Items from a dataset:
┌──
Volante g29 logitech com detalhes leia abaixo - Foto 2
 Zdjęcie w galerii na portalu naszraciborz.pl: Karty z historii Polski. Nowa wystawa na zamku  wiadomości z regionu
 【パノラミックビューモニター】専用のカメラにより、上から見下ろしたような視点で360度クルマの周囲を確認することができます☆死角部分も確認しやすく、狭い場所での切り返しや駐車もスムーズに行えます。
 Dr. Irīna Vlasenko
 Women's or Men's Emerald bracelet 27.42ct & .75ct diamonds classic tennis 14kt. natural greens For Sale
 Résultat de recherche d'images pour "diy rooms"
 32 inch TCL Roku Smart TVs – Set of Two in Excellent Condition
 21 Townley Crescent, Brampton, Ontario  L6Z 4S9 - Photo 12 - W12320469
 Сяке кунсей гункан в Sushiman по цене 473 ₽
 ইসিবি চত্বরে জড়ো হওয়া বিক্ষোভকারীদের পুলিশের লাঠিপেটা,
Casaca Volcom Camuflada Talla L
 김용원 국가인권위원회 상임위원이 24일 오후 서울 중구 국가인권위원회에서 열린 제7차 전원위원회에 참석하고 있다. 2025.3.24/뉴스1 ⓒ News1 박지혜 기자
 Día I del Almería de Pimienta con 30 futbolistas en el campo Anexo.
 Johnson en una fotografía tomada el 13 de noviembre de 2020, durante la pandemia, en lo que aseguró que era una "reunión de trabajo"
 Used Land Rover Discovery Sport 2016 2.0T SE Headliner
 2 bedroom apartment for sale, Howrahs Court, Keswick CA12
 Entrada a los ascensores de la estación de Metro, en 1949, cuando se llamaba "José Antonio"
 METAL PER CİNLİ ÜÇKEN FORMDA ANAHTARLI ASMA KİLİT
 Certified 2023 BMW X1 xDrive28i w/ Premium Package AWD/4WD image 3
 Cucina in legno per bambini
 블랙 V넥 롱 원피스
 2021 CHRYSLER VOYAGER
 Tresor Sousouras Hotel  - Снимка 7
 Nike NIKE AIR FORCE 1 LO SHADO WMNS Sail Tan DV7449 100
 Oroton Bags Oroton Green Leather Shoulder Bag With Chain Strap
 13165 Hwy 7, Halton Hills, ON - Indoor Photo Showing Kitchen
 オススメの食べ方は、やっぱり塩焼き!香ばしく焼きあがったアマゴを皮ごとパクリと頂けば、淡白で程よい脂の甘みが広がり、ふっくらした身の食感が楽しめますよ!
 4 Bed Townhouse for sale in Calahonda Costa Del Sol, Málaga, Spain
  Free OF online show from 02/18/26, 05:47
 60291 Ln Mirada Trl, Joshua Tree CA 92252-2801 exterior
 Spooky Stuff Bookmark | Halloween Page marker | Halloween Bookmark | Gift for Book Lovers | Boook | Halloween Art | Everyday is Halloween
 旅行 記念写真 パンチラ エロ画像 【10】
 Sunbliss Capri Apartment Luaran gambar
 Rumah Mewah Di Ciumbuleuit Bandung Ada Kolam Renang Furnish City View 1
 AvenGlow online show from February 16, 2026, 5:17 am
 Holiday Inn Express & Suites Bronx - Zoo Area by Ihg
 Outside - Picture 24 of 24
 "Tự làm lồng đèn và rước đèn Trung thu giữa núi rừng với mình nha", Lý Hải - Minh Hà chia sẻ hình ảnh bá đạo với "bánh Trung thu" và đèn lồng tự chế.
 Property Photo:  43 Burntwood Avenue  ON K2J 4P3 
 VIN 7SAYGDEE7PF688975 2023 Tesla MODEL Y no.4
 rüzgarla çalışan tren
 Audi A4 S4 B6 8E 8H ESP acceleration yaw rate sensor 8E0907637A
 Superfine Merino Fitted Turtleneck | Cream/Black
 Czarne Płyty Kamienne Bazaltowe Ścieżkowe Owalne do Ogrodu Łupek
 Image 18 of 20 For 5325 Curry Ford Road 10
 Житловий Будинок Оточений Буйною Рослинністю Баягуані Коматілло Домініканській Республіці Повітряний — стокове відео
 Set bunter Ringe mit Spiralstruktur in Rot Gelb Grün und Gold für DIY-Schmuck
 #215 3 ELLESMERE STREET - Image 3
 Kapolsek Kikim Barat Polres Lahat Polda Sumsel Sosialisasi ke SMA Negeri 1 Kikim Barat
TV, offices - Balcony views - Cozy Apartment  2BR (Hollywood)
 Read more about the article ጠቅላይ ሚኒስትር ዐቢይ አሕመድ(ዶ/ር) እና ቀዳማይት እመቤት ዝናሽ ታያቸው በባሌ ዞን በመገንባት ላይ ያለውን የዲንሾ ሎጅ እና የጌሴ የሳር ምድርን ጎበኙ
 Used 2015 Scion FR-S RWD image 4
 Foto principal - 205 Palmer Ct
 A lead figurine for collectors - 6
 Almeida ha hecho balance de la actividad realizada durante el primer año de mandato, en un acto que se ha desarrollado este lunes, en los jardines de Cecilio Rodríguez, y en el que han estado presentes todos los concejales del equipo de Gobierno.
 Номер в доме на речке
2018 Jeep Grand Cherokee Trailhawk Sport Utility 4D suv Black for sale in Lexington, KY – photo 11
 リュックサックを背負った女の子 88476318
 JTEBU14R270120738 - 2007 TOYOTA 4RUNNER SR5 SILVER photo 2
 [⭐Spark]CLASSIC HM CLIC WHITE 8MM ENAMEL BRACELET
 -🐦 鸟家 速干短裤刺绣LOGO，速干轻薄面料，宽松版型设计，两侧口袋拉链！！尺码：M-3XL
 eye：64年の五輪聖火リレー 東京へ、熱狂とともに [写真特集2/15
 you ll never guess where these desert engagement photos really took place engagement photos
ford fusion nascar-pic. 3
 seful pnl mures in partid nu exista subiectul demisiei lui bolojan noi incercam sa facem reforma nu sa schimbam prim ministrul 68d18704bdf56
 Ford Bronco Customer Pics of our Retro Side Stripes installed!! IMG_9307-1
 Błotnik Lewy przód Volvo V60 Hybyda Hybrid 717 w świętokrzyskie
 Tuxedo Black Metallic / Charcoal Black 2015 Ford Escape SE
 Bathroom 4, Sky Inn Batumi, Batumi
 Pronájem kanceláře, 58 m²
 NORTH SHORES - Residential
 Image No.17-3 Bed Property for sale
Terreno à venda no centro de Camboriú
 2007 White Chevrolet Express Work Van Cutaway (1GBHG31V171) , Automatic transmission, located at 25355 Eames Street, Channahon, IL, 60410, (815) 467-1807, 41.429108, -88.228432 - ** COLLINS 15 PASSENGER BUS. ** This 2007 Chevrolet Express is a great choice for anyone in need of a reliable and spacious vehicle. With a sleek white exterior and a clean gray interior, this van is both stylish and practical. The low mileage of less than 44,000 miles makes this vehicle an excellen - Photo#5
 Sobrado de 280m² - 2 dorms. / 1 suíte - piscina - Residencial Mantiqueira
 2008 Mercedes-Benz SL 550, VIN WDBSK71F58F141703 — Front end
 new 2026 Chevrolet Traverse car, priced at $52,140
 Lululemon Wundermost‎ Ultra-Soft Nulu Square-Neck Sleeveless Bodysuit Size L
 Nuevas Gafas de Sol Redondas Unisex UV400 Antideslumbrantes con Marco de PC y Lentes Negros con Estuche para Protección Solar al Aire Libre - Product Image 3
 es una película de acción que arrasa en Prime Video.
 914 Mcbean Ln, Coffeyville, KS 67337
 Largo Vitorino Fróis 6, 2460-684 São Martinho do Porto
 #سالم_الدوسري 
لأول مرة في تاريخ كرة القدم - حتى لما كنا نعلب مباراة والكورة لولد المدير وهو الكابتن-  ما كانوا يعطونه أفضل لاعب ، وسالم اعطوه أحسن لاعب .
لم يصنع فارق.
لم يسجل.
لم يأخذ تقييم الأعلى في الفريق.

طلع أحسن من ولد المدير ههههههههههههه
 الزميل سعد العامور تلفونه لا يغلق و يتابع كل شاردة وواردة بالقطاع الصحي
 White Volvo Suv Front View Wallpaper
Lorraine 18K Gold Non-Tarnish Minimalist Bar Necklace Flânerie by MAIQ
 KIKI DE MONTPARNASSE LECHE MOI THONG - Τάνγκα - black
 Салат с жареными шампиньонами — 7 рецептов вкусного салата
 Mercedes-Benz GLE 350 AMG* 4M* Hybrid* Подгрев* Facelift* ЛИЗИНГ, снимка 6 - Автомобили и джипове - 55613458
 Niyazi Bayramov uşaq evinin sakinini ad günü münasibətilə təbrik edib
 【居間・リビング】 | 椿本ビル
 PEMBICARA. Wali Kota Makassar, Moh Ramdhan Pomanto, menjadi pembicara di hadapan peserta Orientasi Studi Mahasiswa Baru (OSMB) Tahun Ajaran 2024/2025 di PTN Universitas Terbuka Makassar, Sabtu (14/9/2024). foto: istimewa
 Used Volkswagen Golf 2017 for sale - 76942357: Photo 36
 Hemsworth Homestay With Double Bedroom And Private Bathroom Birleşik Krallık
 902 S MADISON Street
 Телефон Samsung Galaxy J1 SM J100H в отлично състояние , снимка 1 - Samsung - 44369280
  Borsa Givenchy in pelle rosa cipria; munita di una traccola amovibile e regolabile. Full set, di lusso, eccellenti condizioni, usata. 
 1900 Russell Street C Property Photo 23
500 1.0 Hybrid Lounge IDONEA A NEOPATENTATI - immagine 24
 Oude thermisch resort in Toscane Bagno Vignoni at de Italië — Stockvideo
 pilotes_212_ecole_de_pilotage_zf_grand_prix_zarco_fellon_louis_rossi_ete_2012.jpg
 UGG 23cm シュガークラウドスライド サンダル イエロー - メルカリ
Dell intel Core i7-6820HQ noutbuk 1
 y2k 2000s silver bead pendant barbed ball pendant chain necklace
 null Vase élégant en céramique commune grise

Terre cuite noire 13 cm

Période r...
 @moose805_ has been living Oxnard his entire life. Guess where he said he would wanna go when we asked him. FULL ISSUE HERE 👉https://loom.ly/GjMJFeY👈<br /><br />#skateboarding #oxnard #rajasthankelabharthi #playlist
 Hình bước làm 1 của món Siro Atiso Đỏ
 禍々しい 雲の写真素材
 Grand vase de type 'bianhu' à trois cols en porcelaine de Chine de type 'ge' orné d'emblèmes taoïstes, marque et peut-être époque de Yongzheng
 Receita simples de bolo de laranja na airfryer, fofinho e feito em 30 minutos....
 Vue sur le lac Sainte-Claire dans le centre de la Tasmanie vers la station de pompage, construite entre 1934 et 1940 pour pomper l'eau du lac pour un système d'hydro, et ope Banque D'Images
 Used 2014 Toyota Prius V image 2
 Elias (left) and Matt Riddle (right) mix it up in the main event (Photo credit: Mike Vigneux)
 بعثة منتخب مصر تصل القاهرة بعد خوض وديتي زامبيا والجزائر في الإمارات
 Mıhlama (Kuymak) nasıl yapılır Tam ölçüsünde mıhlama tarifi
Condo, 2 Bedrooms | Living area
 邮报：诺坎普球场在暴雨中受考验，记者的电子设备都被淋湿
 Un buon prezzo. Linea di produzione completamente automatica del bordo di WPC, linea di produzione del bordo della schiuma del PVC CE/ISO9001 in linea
└──
## Activity
From the entries above, restate word for word the lines from the line containing "rüzgarla çalışan tren" to the line containing "JTEBU14R270120738 - 2007", both ends included, and nothing more.

## Result of this task
 rüzgarla çalışan tren
 Audi A4 S4 B6 8E 8H ESP acceleration yaw rate sensor 8E0907637A
 Superfine Merino Fitted Turtleneck | Cream/Black
 Czarne Płyty Kamienne Bazaltowe Ścieżkowe Owalne do Ogrodu Łupek
 Image 18 of 20 For 5325 Curry Ford Road 10
 Житловий Будинок Оточений Буйною Рослинністю Баягуані Коматілло Домініканській Республіці Повітряний — стокове відео
 Set bunter Ringe mit Spiralstruktur in Rot Gelb Grün und Gold für DIY-Schmuck
 #215 3 ELLESMERE STREET - Image 3
 Kapolsek Kikim Barat Polres Lahat Polda Sumsel Sosialisasi ke SMA Negeri 1 Kikim Barat
TV, offices - Balcony views - Cozy Apartment  2BR (Hollywood)
 Read more about the article ጠቅላይ ሚኒስትር ዐቢይ አሕመድ(ዶ/ር) እና ቀዳማይት እመቤት ዝናሽ ታያቸው በባሌ ዞን በመገንባት ላይ ያለውን የዲንሾ ሎጅ እና የጌሴ የሳር ምድርን ጎበኙ
 Used 2015 Scion FR-S RWD image 4
 Foto principal - 205 Palmer Ct
 A lead figurine for collectors - 6
 Almeida ha hecho balance de la actividad realizada durante el primer año de mandato, en un acto que se ha desarrollado este lunes, en los jardines de Cecilio Rodríguez, y en el que han estado presentes todos los concejales del equipo de Gobierno.
 Номер в доме на речке
2018 Jeep Grand Cherokee Trailhawk Sport Utility 4D suv Black for sale in Lexington, KY – photo 11
 リュックサックを背負った女の子 88476318
 JTEBU14R270120738 - 2007 TOYOTA 4RUNNER SR5 SILVER photo 2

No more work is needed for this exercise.